Je louche sur ma Cartier. Trente minutes se sont écoulagas depuis mon coup de grelot à Mathias. J’ai idée qu’il ne va pas tarder, l’apôtre. Et alors j’ai des picotements plein le recteur, avec des élancements diffus dans la région précolombienne. Ce qui va suivre ne doit pas cafouiller. La moindre foirade peut comporter des conséquences graves. Avant tout, être bien certain que l’Ecarlate se trouve en position.
J’attends encore un brin avant de cigler. Puis je fais signe à la serveuse et la couvre d’or.
— On monte, darling ? proposé-je à mon égérie d’un soir.
— D’accord, d’accord…
Je me lève et écarte la table afin de permettre à mon gros cargo de sortir du port. Les musiciens se remettent en formation sur l’estrade. Les deux projos anémiques se rallument. Tiens, le gonzier au manteau d’astracon s’est fait la valoche avec son lad.

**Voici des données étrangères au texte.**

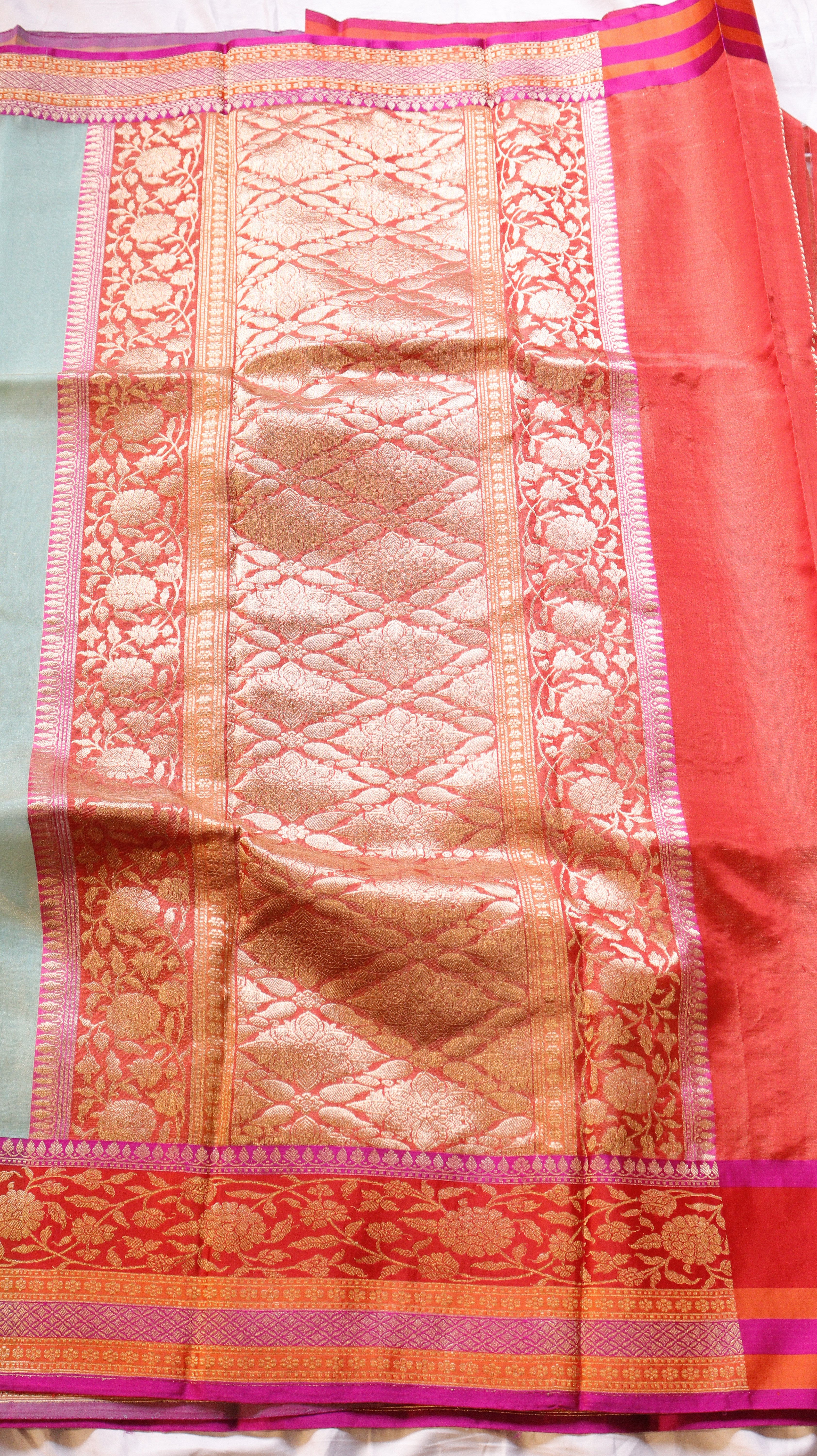 Pre-Order : Aqua Pure Tissue Silk Saree with Katan Silk Contrast Border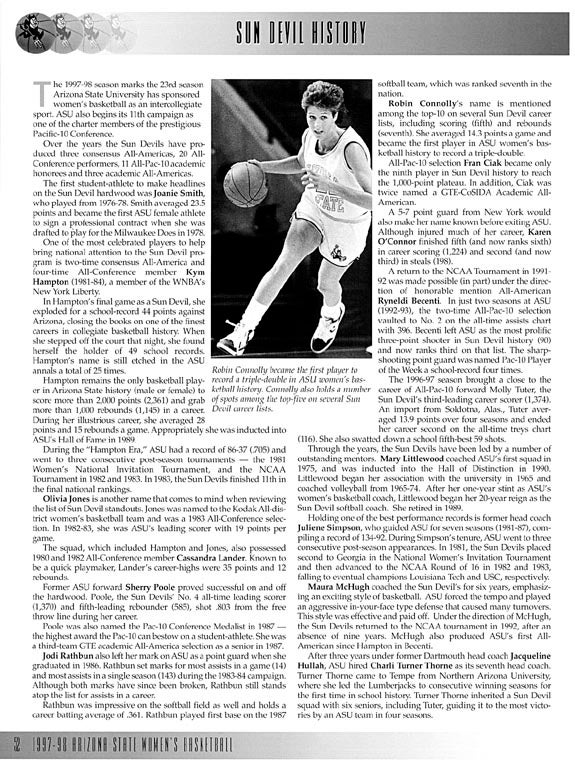  Basketball Recent History, ASU Women's Basketball Media Guide, 1997-98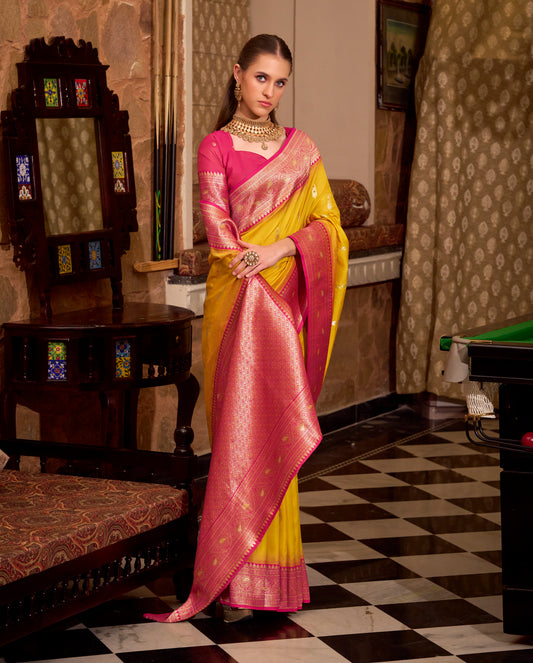 Yellow Kanjivaram Silk Readymade/Easy Saree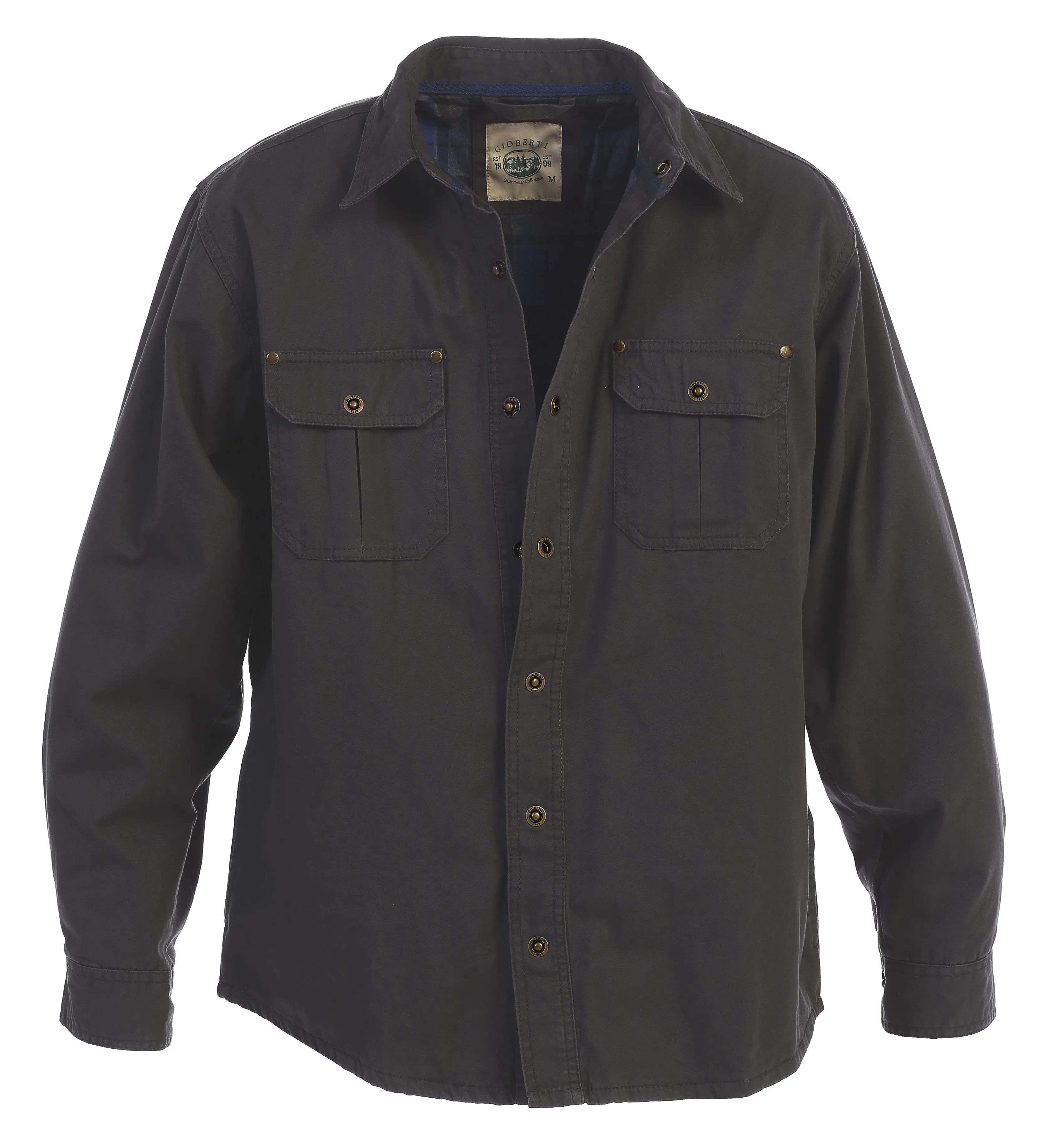 Gioberti Men's Charcoal Cotton Brushed and Soft Twill Shirt Jacket with Flannel Lining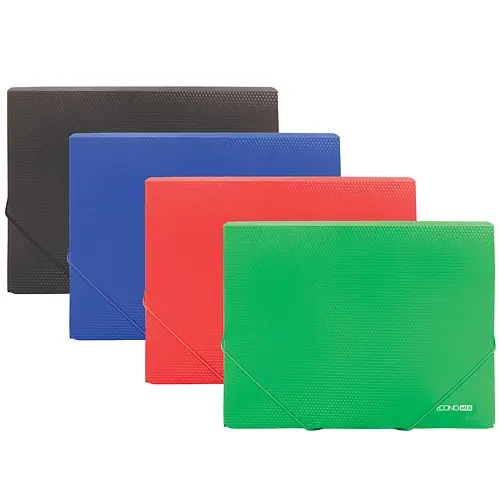 Папка пластикова на гумках А4 E31601 Economix непрозора фактура "діамант"(4044572316011) Чорний - фото 1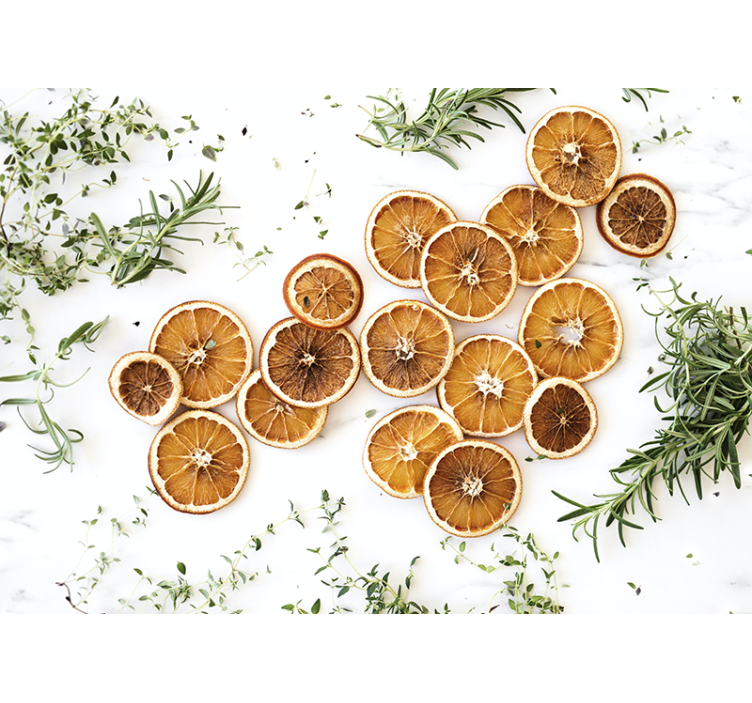 Dried Citrus Elegance flowers wall mural - TenStickers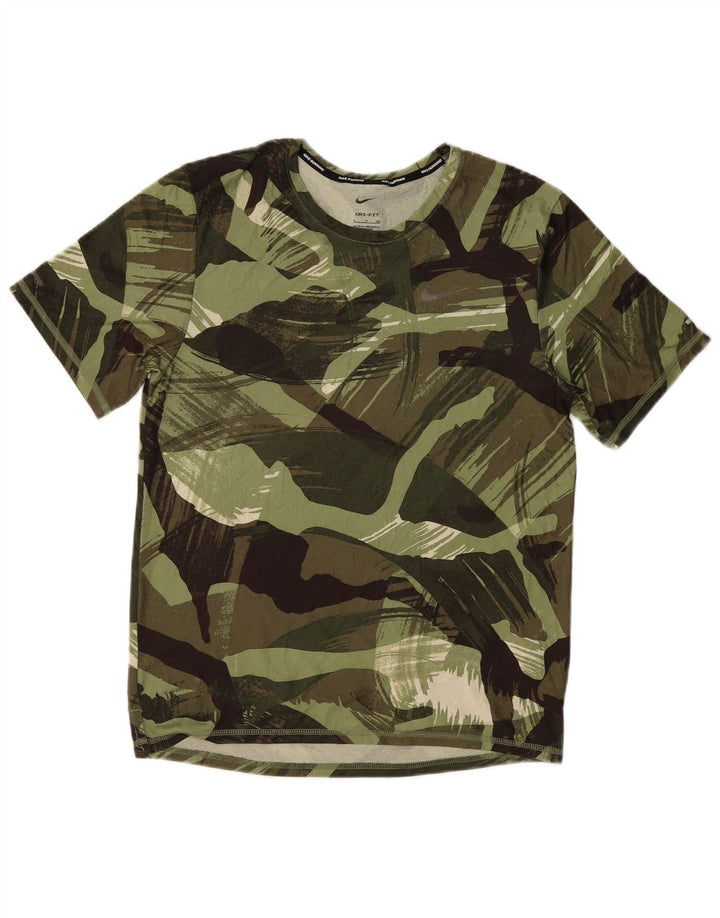 Nike Herre Dri Fit T-Shirt Top Lille Khaki Geometrisk Polyester
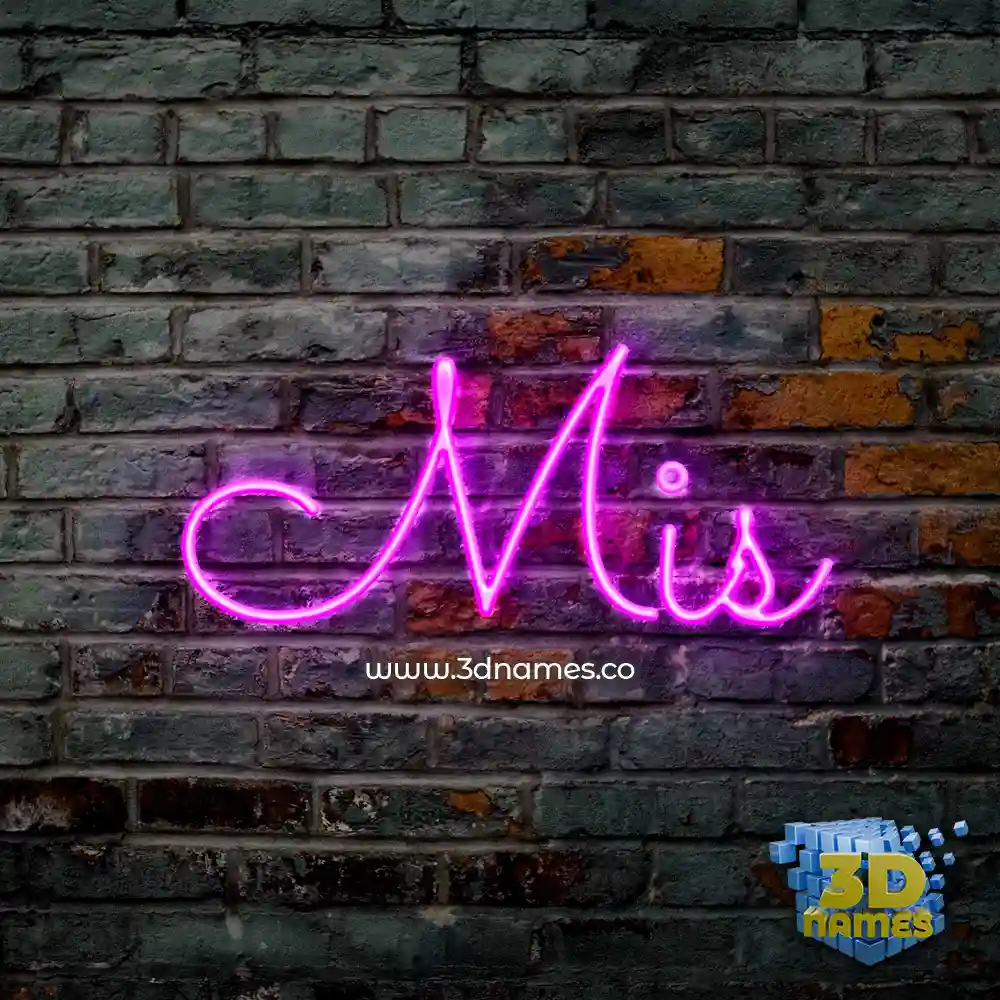 mis in Pink Neon style - 3D name wallpaper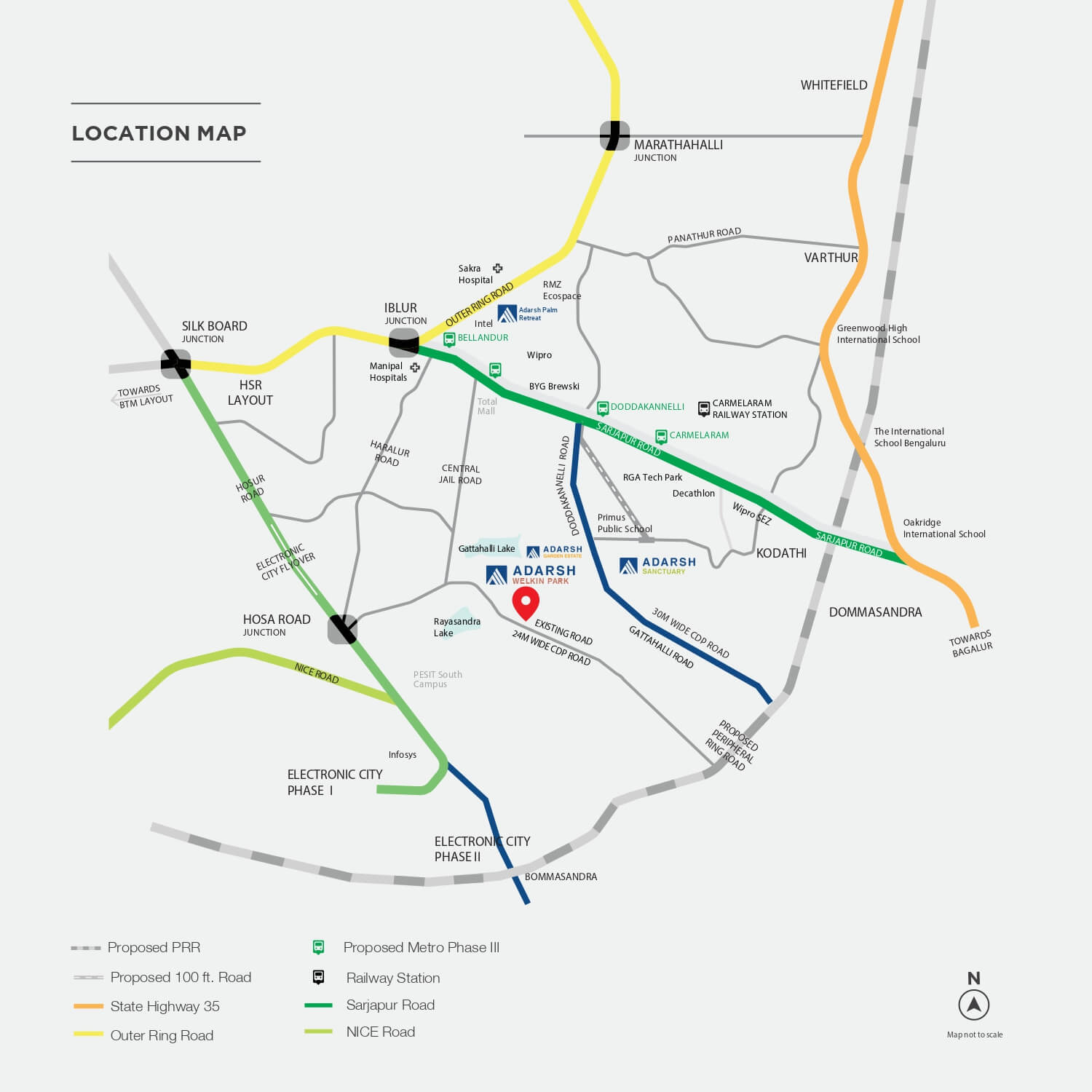 Adarsh Welkin Park Villas Sarjapur Location Map Adarsh Welkin Park Villas Sarjapur Location Map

Tout naturellement, je me dirige vers la sortie.
— Vous ne préférez pas passer par l’intérieur de l’ Old Country, baby ? demande Loli.
— C’est comme vous voulez, fais-je nonchalamment en continuant toutefois de marcher vers la rue.
Parvenu à la porte, je balance un coup de sabord à l’extérieur et j’ai l’immense satisfaction d’apercevoir un taxi jaune à trois mètres de là. Je m’efface pour laisser passer ma conquête. Résolument, je mets ma main sur son épaule, bien signifier au Rouque que je l’accompagne et qu’il doit se garder au chaud en attendant la suite.
Il est marle comme un sapajou, le Mathias, sauf qu’il a la queue moins longue. Rien ne bronche dans le taxi. Ma grosse négresse emprunte le perron où le vieux au chapeau melon continue de fumer.
Elle lui grommelle de tirer ses saloperies d’os de merde en shootant dans ses genoux. Le vénérable la traite de pute pourrie et m’annonce qu’elle va me foutre toutes les véroles des cinq continents, ce qui te montre l’esprit de bon voisinage qui règne dans ce vieil immeuble nécrosé.
Je mate une dernière fois en direction du taxi : calme absolu. On ne distingue même pas s’il y a quelqu’un à l’intérieur.
Nos pires ennemies sont les odeurs. Sitôt que je plonge dans la maison, mon odorat est assiégé par une quantité féroce de remugles. J’en ai un sursaut, des élancements à haut voltage. Ma faiblesse ? Le pif, je te le répète sans cesse. Mais quoi, on a tous nos misères, non ? Chacun sa tiare (comme disait Pie 1416) : Bossuet zozotait, la Pompadour avait une jambe de bois, Borotra était manchot, Lindbergh aveugle, et Beethoven souffrait d’un diabète sucré. L’essentiel est de faire avec. Regarde Alice Sapritch : elle fait avec ! C’est ça le courage, mon grand ! Et la reine Fabiola ? Tu l’as déjà entendue se plaindre, toi, la reine Fabiola ? Mon cul, oui ! Mme Mitterrand, c’est pareil : stoïque ! Je leur tire mon chapeau, ces dames. Note que je préfère leur tirer le chapeau que je ne porte pas plutôt que le pantalon que je porte bien. La princesse Margaret, qu’était si jolie quand elle était belle, tout comme ! Elles endurent, ces pauvres femmes, et puis c’est tout. Elles forcent le respect en silence. Inclinons-nous, et puisque tu as la foi, prie ! Comment ? T’as pas la foi ? Pourtant, l’autre jour tu m’as dit que ta foi te taquinait ? Ah ! tu parlais de ton foie ! J’avais mal entendu.